Jobs earn income, and public services provision is dependent on adequate collection of income tax. Already 13.9% of Australians live below the poverty line (including 17.7% of all children). Full-time jobs are diminishing in preference to part-time positions and the top earners/corporations utilising tax avoidance means tax collection will only diminish. Internships providing unemployed labour for minimal costs favour corporations who already pay minimal tax. When population movement does not provide equitable changes in internal revenue collection for distribution into the economy then it can’t serve a population at any level.
and age to Die!
A rising life expectancy has contributed to an ageing population. The justification to pay for this through an increase in younger income earners ignores how increasingly more expensive over time children are to bear and rear. It also overlooks how the aged baby boomers actually contribute financially to the economy and the young (as even Mark O’Conner recognised). While the public purse is quite capable of supporting an ageing population, the lack of political will to do so impedes us. Solutions such as social cooperatives for aged care delivery, lifelong education, taxation on assets, corporations and superannuation are solutions we are unwilling to implement. In fact, the aged – well supported by the public purse – would result in greater spending inside our economy, in the same way as providing for the impoverished would. The ideological and political redirection generating vast inequality is more responsible for a deterioration in support for the aged, than population numbers and longer life expectancy.
What of we who Survive?
At the risk of pointing out the obvious, the ponzi accusation for Australia’s population is somewhat limited by our “surviving” population density. Australia outside of it’s capital cities has the smallest by a long shot. You probably don’t think that if you live in Sydney but then a fifth the population for our entire country lives there. Perhaps we can find a localised ponzi population effect in Sydney? Outside of our capitals you may have to move south to the Antarctica to beat Australia for a lower population density. Yes, it is a semi-desert continent and our capacity for rural production will be victim to climate change but again, the failures of government to support rural Australia should not be laid only at the door of population. So perhaps a country whose population is only .3% of the global population on 5% of the world’s land mass, the population is not the primary problem?
The real Ponzi Scheme
The ponzi scheme that is failing, is not population, but the redistribution of per capita wealth. Given no appropriate investment in infrastructure for our population to generate jobs, create wealth and hence taxes, where lies revenue growth? Instead the government is desperately fighting a rear guard action by cutting services and talking of deficits limiting redistribution.

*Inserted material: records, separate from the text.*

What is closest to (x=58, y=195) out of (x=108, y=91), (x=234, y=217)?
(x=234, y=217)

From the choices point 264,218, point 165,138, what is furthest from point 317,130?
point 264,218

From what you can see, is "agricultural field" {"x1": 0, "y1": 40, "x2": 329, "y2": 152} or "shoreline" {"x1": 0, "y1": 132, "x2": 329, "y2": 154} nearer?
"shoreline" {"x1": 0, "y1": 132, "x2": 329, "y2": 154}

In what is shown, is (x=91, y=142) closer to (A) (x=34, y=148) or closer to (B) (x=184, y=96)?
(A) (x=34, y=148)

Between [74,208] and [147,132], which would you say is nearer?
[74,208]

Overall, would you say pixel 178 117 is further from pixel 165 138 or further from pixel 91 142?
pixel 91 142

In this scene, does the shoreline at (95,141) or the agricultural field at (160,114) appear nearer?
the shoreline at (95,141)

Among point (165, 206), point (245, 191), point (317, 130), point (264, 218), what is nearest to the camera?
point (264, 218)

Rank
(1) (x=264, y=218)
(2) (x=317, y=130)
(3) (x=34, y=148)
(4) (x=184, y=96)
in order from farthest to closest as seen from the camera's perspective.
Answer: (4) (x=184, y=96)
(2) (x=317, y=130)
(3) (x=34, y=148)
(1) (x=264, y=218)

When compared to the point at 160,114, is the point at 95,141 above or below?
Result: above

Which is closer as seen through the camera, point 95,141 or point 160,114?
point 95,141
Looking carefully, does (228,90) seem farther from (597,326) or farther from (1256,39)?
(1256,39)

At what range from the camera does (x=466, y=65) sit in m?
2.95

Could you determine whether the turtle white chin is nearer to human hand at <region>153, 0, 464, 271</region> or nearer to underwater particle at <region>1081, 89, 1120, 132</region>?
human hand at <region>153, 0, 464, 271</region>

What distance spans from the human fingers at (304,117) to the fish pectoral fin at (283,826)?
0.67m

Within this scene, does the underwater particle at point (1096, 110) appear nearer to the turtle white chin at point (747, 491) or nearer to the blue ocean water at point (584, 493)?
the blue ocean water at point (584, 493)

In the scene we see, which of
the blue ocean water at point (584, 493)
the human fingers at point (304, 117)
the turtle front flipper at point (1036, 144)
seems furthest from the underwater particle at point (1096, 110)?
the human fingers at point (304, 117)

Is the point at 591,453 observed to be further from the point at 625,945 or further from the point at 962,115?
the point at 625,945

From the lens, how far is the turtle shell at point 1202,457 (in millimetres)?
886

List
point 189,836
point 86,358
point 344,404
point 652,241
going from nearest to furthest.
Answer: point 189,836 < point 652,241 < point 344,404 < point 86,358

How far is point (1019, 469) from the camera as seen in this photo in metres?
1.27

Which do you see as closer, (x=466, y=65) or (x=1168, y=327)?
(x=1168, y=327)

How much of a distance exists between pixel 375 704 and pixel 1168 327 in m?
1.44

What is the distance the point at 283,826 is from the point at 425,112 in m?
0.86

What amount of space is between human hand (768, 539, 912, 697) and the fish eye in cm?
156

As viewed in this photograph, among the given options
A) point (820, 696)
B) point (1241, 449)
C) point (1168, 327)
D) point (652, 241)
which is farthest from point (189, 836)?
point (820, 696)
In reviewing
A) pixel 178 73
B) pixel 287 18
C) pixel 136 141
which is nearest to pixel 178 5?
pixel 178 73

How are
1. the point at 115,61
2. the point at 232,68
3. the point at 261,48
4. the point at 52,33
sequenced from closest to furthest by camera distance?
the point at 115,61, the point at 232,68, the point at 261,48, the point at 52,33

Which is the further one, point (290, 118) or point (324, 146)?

Instead they speak erroneously of inter-generational debt and budget to commit $50 Billion to reduce company taxes. This economic insistence towards trickle down economics despite all the evidence of it not working to generate any significant economic growth. Morrison’s argument that Australia is being more divided into the taxed and untaxed is only relevant where he is talking about income taxes (which as Ross Gittons points out is “only a little over half the federal taxes we pay”). What Morrison fails to observe though, is the untaxed (from his limiting perspective of taxes) occur at both ends of the income spectrum. They that pay little or no Tax who farm their profits offshore to remove it from our economy and they who are increasingly impoverished (currently 2.5M live under the poverty line), who make too little to pay income tax! It is the diminishing middle class that have a larger tax burden (although small by international standards). Cutting taxes for the wealthy reduces their contribution to any redistribution of wealth via taxation. The unwillingness of the government to re-distribute income to that portion of the population that spends the majority of their income in the economy is counter-productive to our larger national wealth. These policies are merely provisioning for the inevitable revenue winter to come.